Not all GPUs are equal — and choosing the wrong one can cost you thousands in wasted compute. This guide breaks down the H100, A100, and L40S by workload type so you can match the right GPU to your training, fine-tuning, or inference job.
Marcus Reid
Senior DevOps Engineer · LightYear Cloud
The cloud GPU market has expanded dramatically over the past two years. Where developers once had a handful of options, they now face a matrix of GPU models, memory configurations, and pricing tiers that can be genuinely difficult to navigate. The three GPUs that dominate serious AI workloads in 2026 are NVIDIA's H100, A100, and L40S — each with distinct strengths, and each suited to different types of work. Choosing the wrong one does not just affect performance; it directly affects your compute bill.
This guide breaks down each GPU by architecture, memory, and real-world performance characteristics, then maps them to the four most common AI workload types: large model training, fine-tuning, batch inference, and real-time inference. By the end, you will have a clear framework for making the right choice for your specific use case.
NVIDIA H100 (Hopper architecture) is the current flagship for AI compute. Available in SXM5 (80 GB HBM3, 3.35 TB/s memory bandwidth) and PCIe (80 GB HBM2e, 2 TB/s) variants, the H100 introduced the Transformer Engine — hardware specifically designed to accelerate the attention mechanisms that underpin large language models. FP8 training support allows the H100 to deliver up to 4x the throughput of the A100 on transformer workloads, while NVLink 4.0 enables tight multi-GPU coupling for models that span multiple cards. The H100 is the most expensive option, but for workloads that can fully utilise its capabilities, it is also the most cost-efficient per unit of useful compute.

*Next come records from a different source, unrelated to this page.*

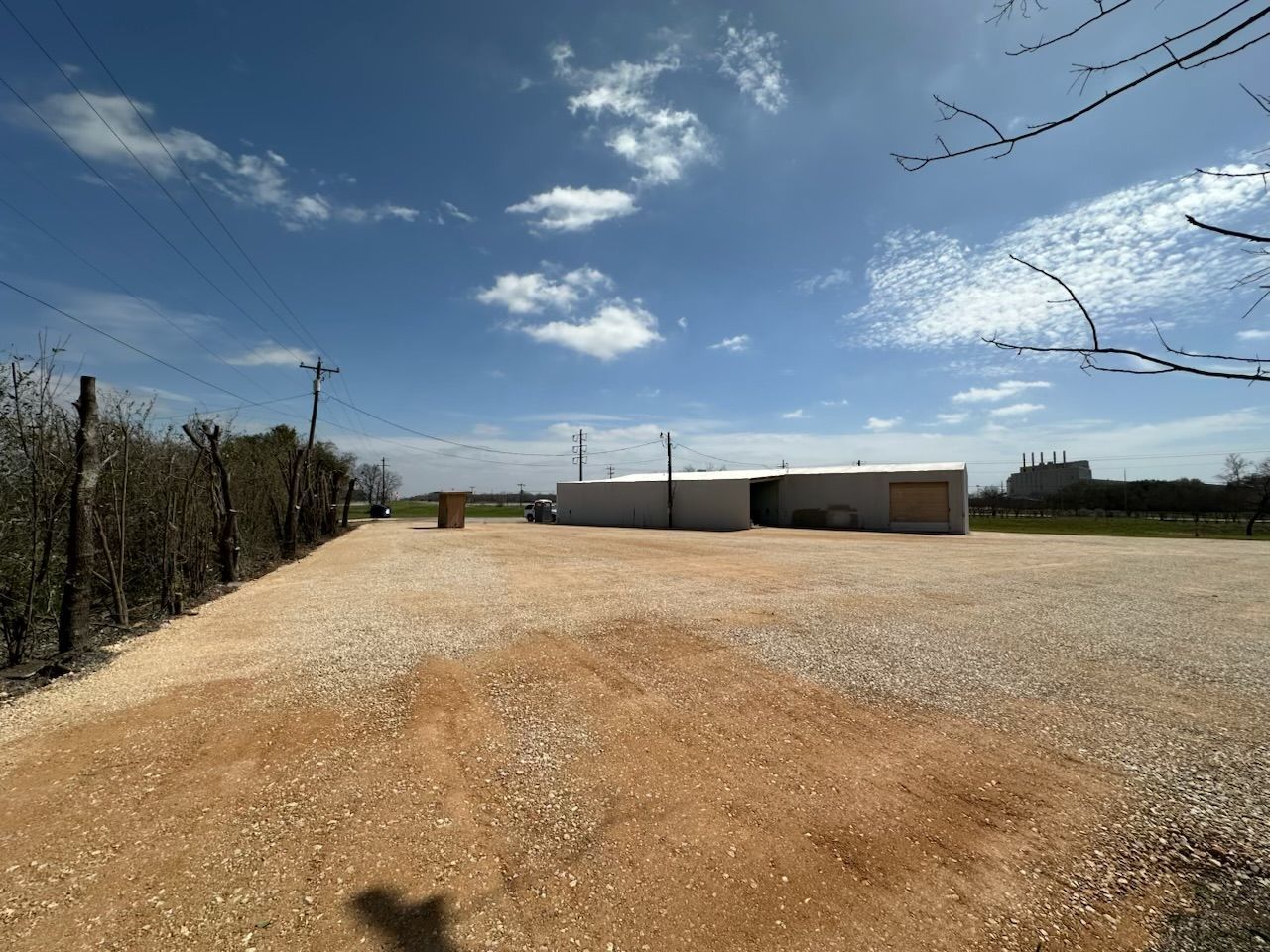 A dirt road leading to a building with a blue sky in the background.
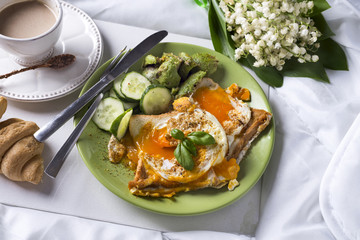 Fried eggs with toasts and tea in bed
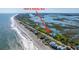 Aerial view of 1604 E Ashley Ave home next to the marsh and beach at 1604 E Ashley Ave, Folly Beach, SC 29439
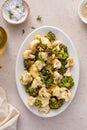 Roasted cauliflower and broccoli on a serving plate, healthy vegetable side dish Royalty Free Stock Photo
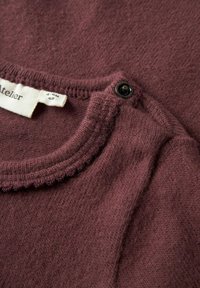 Burgundowy sweter z okrągłym dekoltem, z falbaniastym wykończeniem i czarnym guzikiem w pobliżu metki. Miękka tekstura. Zawiera metkę rozmiaru.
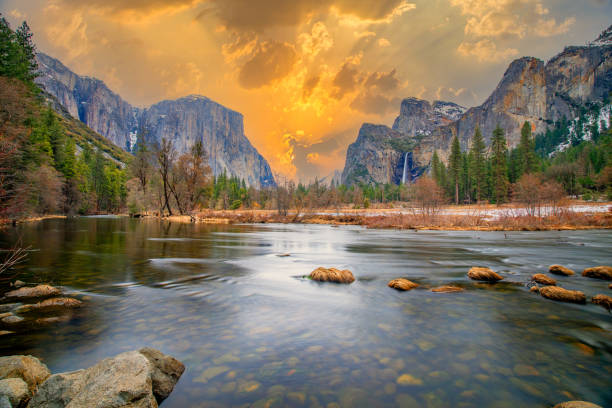 beautiful view in Yosemite valley with half dome and el capitan from Merced river stock photo
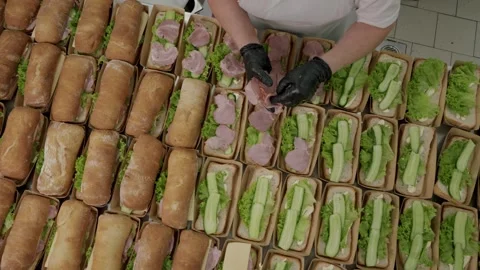 Worker in black gloves assembles sandwiches with lettuce, ham, and cucumbers in Stock Footage 340172437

NVIDIA A100 (Ampere architecture) remains a workhorse for AI in 2026. Available in 40 GB and 80 GB HBM2e configurations, the A100 offers 2 TB/s memory bandwidth and strong FP16/BF16 performance. It lacks the H100's Transformer Engine and FP8 support, which means it is slower on pure transformer training, but it is a highly capable and well-understood GPU with mature software support across every major framework. The A100 80 GB is particularly well-suited to workloads that require large memory capacity but do not need the absolute peak throughput of the H100.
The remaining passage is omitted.